20 March 2024

Building a privacy layer for AI

As the democratization of artificial intelligence continues, a new reality is dawning for brands. Data governance is not only a hot topic — it is a potentially lethal pitfall. Brands that want to survive and thrive in this new environment need to bring their data governance policies up to speed. And fast.

How data practitioners think about the confluence of AI and data — how AI models are trained, how data quality is ensured, how permissions are managed — can seem overwhelming. On the ground, many data engineers, business leaders, and sales and marketing teams are looking for an AI data governance north star. What does data governance mean in the realm of AI, practically, as it pertains to privacy and AI?

Regulations are catching up, as seen in 2023 with both the EU AI Act and, in the U.S., the Biden-Harris administration's Executive Order on the Safe, Secure, and Trustworthy Development and Use of Artificial Intelligence.

However, beyond the realm of regulation, there is a pressing need for practical guidance at the grassroots level. So, what steps should teams take to build a comprehensive AI governance framework? The answer lies in proactive engagement and the development of an enterprise privacy layer for AI, which can be broken down into several actionable components.

Defining AI governance

AI governance is a dual pillar system that includes data governance and model governance.

Data governance is relatively familiar terrain for many brands. It involves ensuring data collection, processing and utilization align with privacy policies, user commitments and regulatory requirements. Remember, this extends to employee interactions with AI tools and their usage must fit within a company's data governance framework.

Model governance, on the other hand, focuses on ensuring that both the input, the data used for training models, and output, the data produced by models, adhere to relevant regulations and organizational commitments.

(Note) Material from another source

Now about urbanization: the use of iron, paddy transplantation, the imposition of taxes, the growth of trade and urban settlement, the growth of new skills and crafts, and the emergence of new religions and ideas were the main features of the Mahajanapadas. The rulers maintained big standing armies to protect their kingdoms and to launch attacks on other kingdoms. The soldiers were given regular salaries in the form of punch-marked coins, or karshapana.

Data governance: A closer look

Data governance can be further broken down into two subcomponents: data cataloging and AI-specific data governance.

Many organizations already engage in data cataloging, maintaining comprehensive data maps and lists of systems where data is stored and processed. This includes tracking data purposes and regulatory compliance, as well as performing data processing impact assessments.

AI-specific data governance involves additional considerations unique to AI applications. Brands must adapt data governance strategies to account for AI's specific needs and ethical implications.

Purpose-built AI governance capabilities

If a specific dataset is used to train an AI model, it's crucial for AI practitioners to determine whether the data purposes are disclosed to the end user. Is their consent obtained for building AI models from their data?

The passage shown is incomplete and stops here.